On the design of surface attached customizable-size conductive micro/nano-fibers by femtosecond direct laser interference patterning

LUCINDA MULKO; HERMAN HEFFNER; ROBERT BAUMANN; ANDRÉS FABIÁN LASAGNI

Darmstadt

Congreso; Materials Science and Engineering Congress (MSE); 2022

Deutsche Gesellschaft für Materialkunde (DGM)

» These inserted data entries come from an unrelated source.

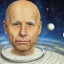 Placeholder: portrait of a bodyless elderly bald head floating in space, surrounded by white orbs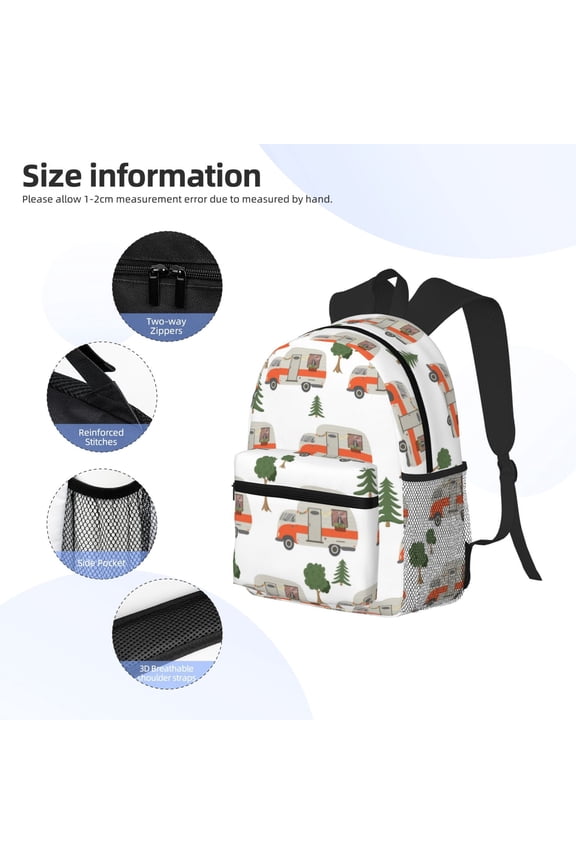 Camp Van Print Backpack, Waterproof Backpack with Adjustable Shoulder Straps, Suitable for Campus, Business, Travel, Unisex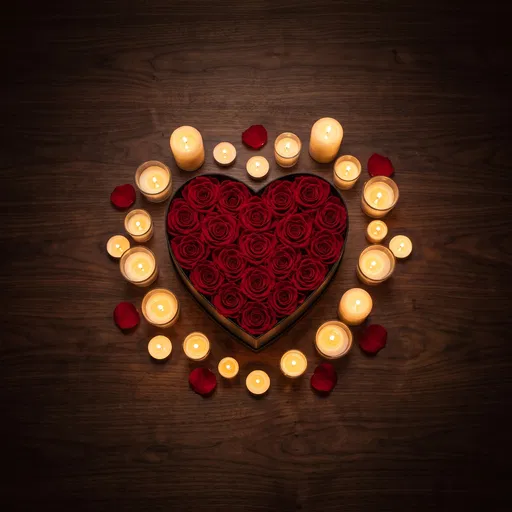 Heart Box of Red Roses and Candles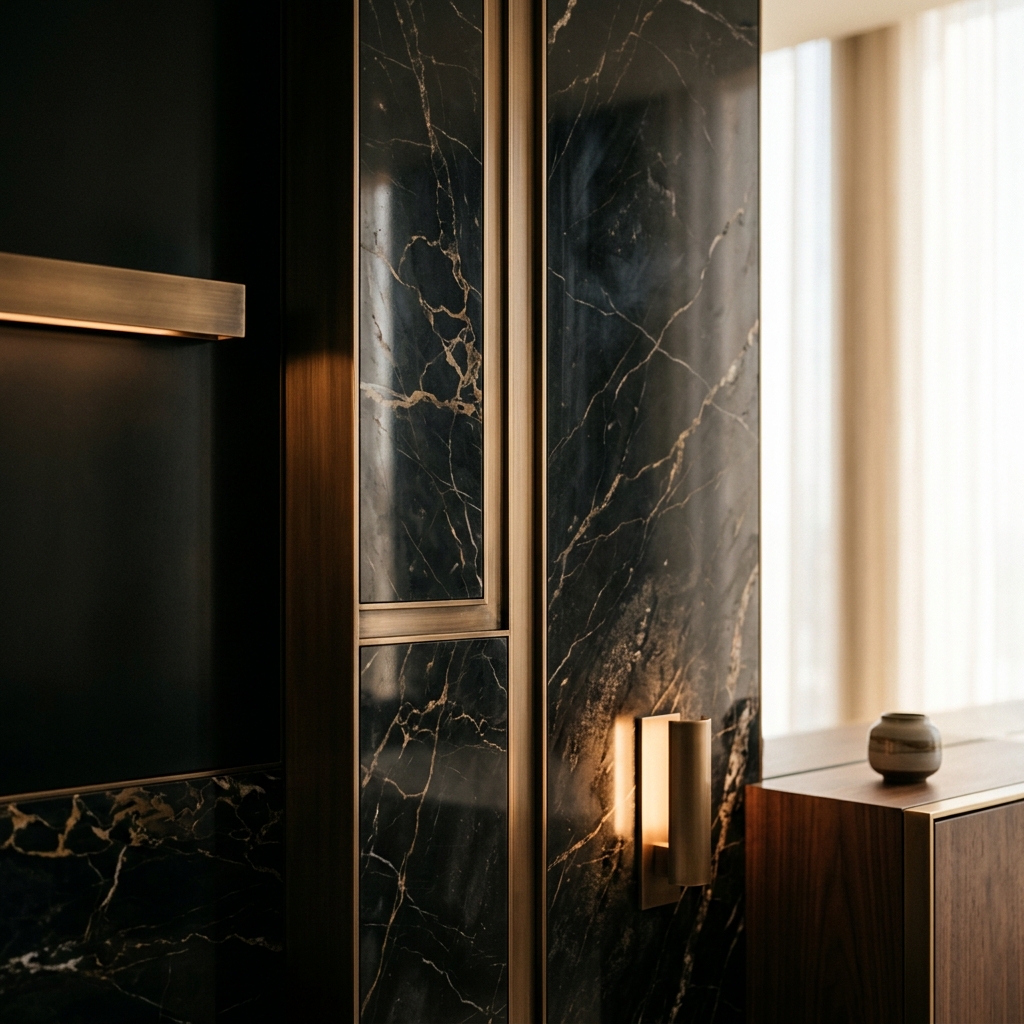 Détail marbre et bronze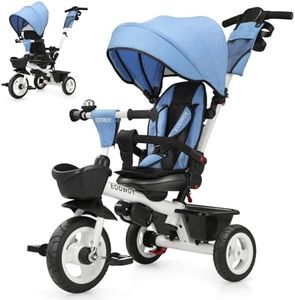EOOWOY Baby Trike, 6-in-1 Kids Tricycle with Adjustable Push Handle, Removable Canopy, Safety Harness for 18 Months - 5 Year Old(Blue)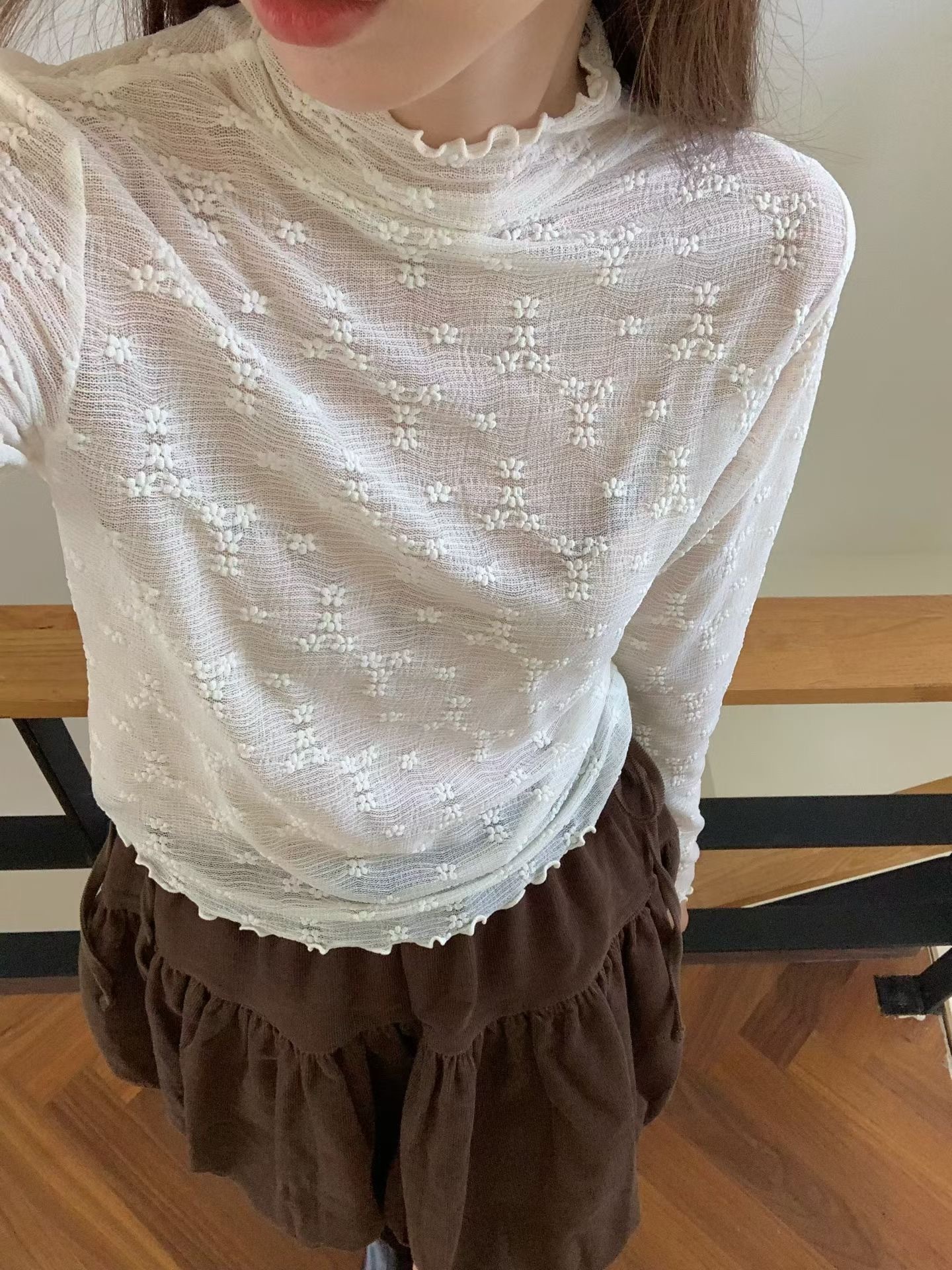 Turtle neck flora lace top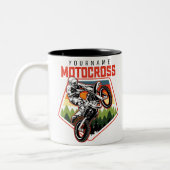 Aangepaste Motocross-racebesturing met vuil spoor Tweekleurige Koffiemok (Links)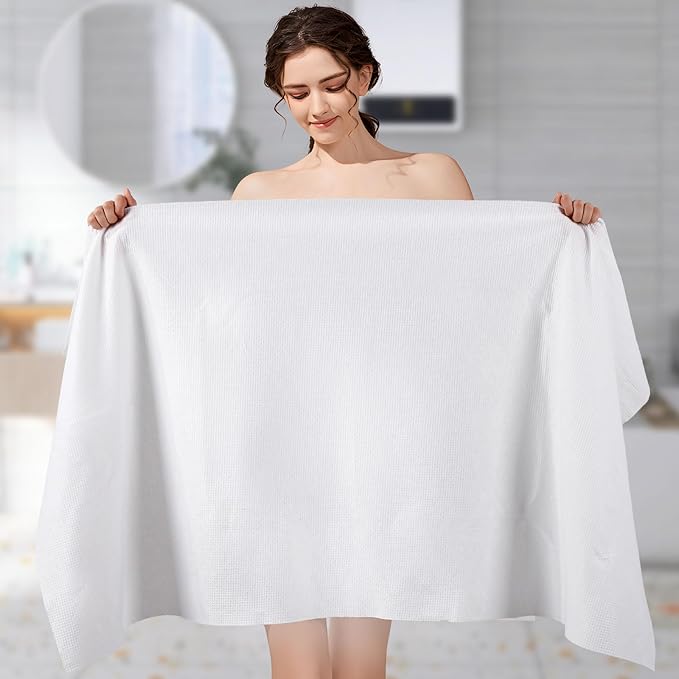3 Pack Disposable Bath Towel 56'' x 27.5'' Disposable Body Towels for Travel, Durable Large Portable Towels for Camping Beach Swimming SPA, Individually Packed
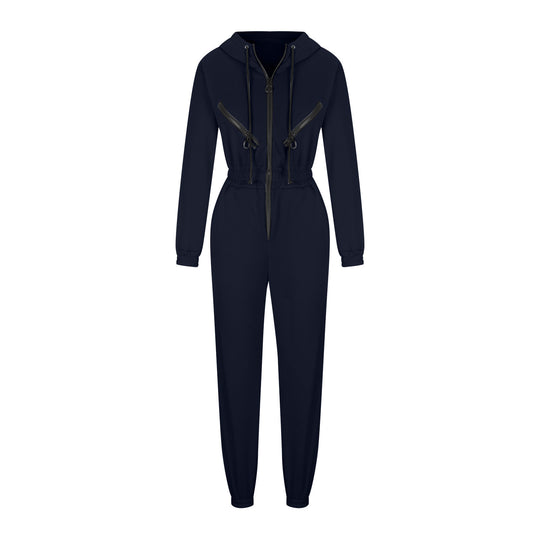 Damen taillierter Kapuzen-Jumpsuit mit elastischem Bund und markanten Kontrast-Reißverschlüssen Shop Nory
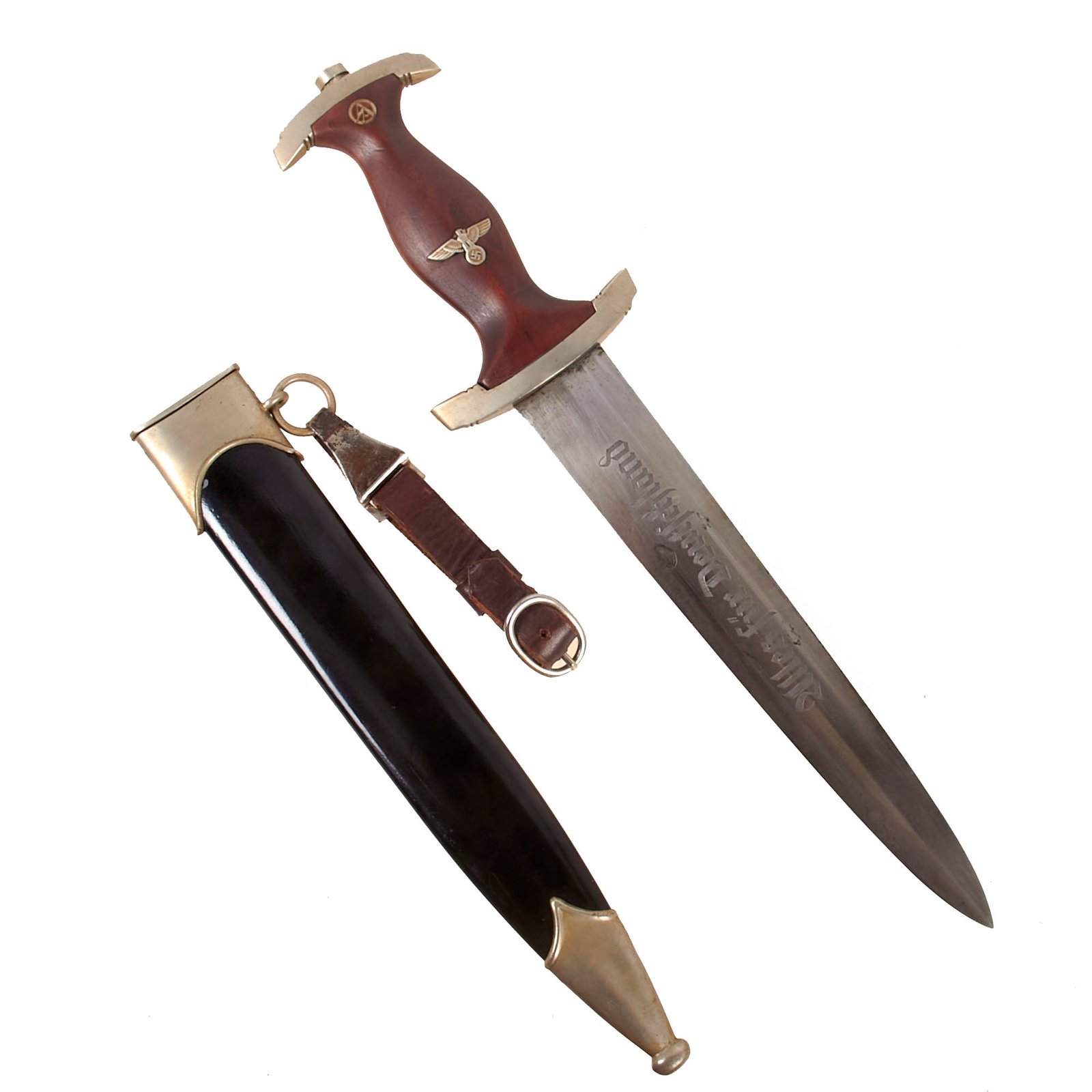 Buy Original German Early WWII NSKK Dagger by Ernst Pack & Söhne of Solingen with Scabbard and Belt Hanger | Original Firearms Antique For Sale
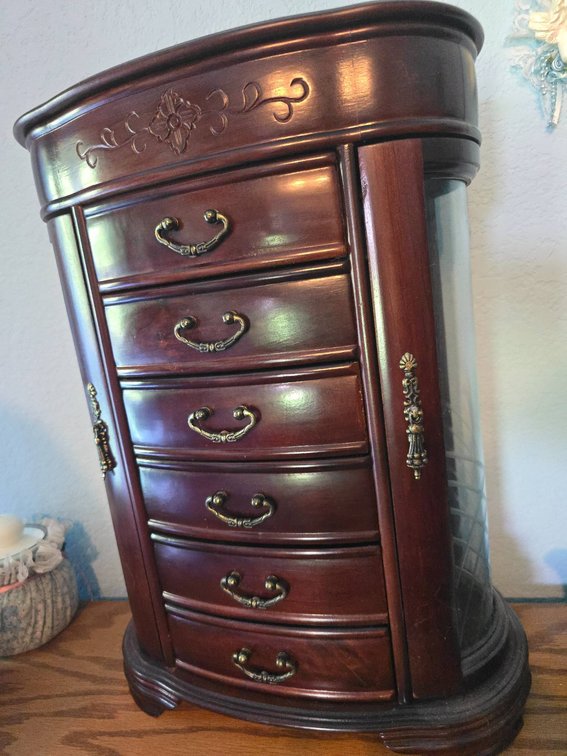 Wooden Jewelry Armoire with Glass Door and Six Drawers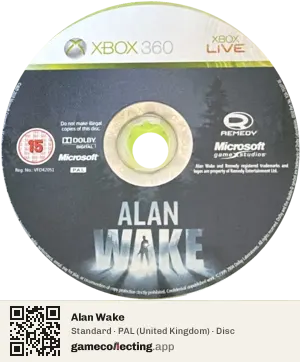 Alan Wake Xbox 360, PAL disc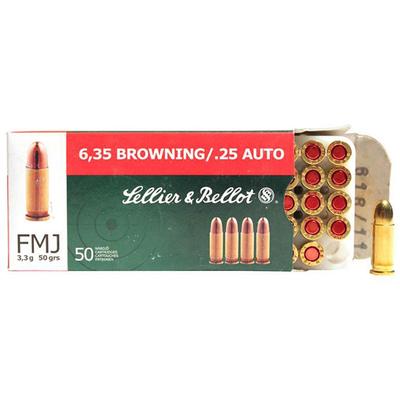 Sellier & Bellot 25 Auto 50 Grain FMJ - Box of 50
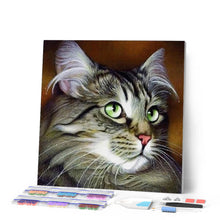 Charger l'image dans la galerie, Broderie Diamant | Broderie Diamant - Portrait de Chat | animaux Broderie Animaux chats | FiguredArt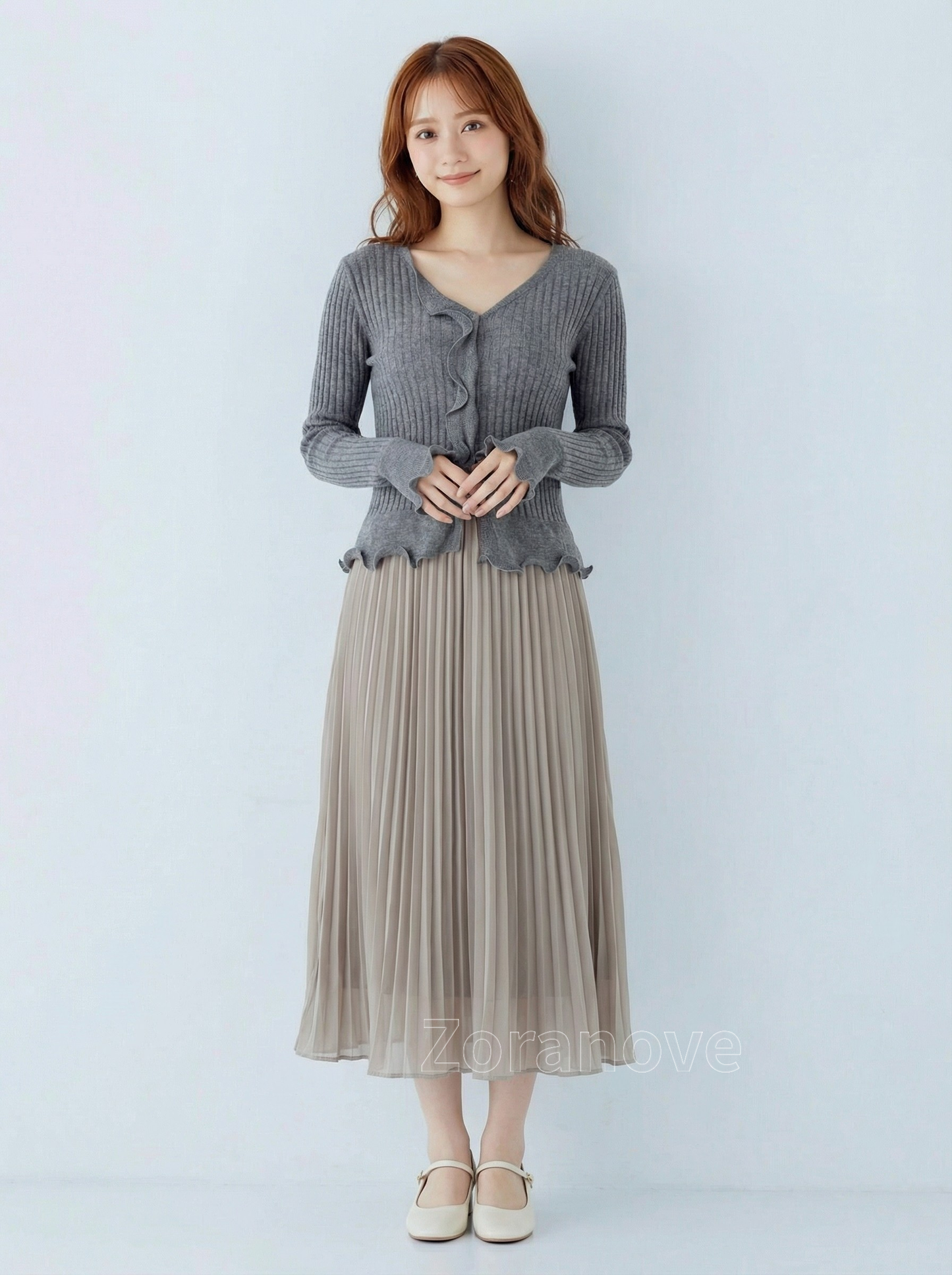 灰階V領荷葉邊修身羅紋針織上衣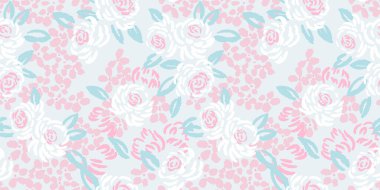 Soyut gül ve Pastel monoton beyaz arkaplan bırakarak kusursuz desen. Vektör el çizilmiş gül çiçekleri. Tasarım, moda, kumaş, tekstil, doku şablonu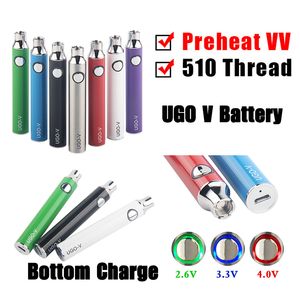 Batterie d'origine UGO V Préchauffage VV 650 900 mAh EVOD eGo 510 Tension USB Variable Réglable Vapor BUD Cartouches de préchauffage Batteries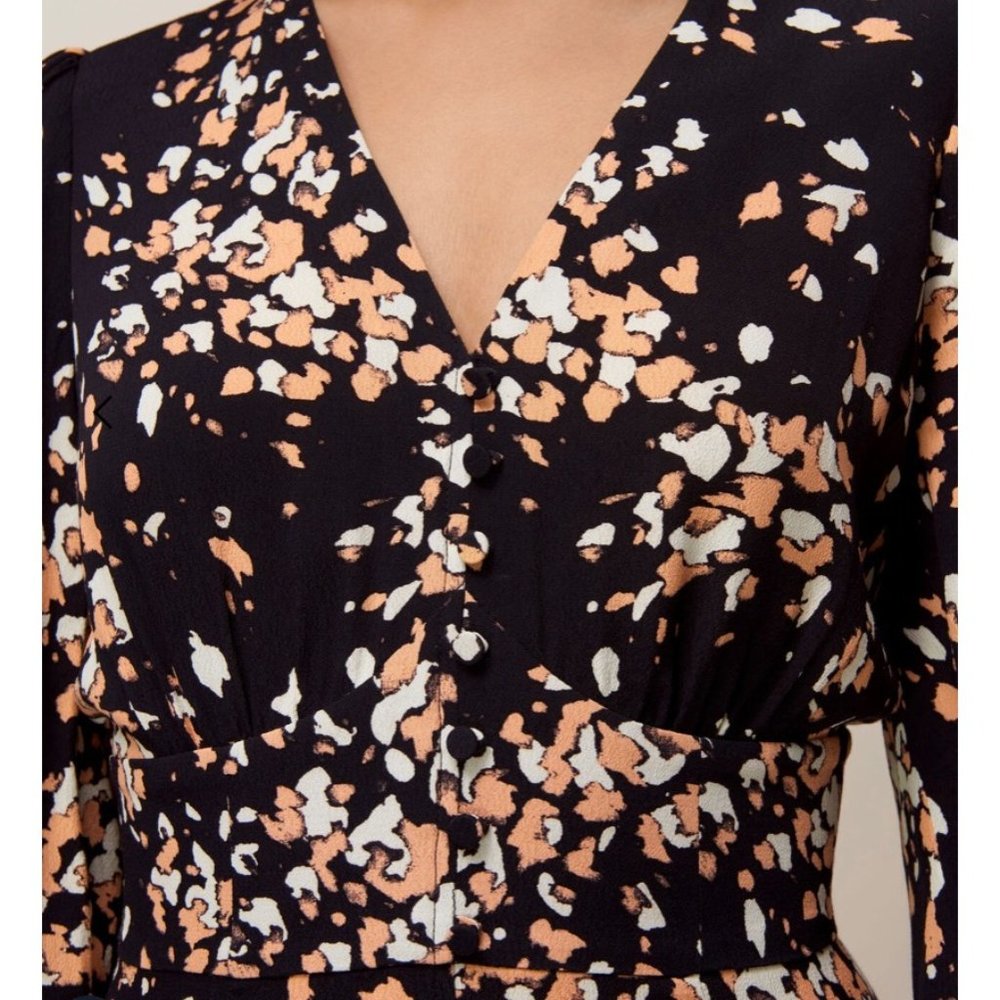Whistles Mottled Animal Button Dress Size 6 - Picture 4 of 10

Research concerning to conductive polymers has earned significant interests since their discoverers were awarded the Nobel Prize in Chemistry in 2000. Particularly, composite conductive materials allows to merge highly conductive properties with excellent mechanical properties allowing a plethora of applications from optoelectronics to biomedicine. This work aims to design and develop a composite material constituted of a nano-coated conducting polymer (PANI) attached to bioinert polymer (PANI@PMMA) and post-synthesis modified by direct laser interference patterning (DLIP).The pattern of the PANI@PMAA was achieved by using an 0.9 fs laser source (Luximar LXR 100-1030, Luximar GmbH, Germany) at 1030 nm. The fixed periodicity of the line structured was 12 μm. DLIP, allows selectively remove the coating material in PANI@PMMA in the maximum interference positions while the minimum interference positions remain unchanged. Hence, achieving a symmetrical dielectric valley/conductive ridge line-like structure. An exploratory study of fluences (energy per area) and pulse-to-pulse overlapping (impinged pulses) was carried out on the PANI@PMMA. In this way, these structures can be customized to the required width/depth to obtain conductive PANI micro to nanofibers of variable width from 5 μm to 600 nm and depths up 950 nm.The combination of advanced functional materials with state-of-the-art laser techniques enabled the generation of substrates with periodic structures and modified (anisotropic) properties that can be easily scaled-up to larger sizes and have great potential for numerous and diverse applications.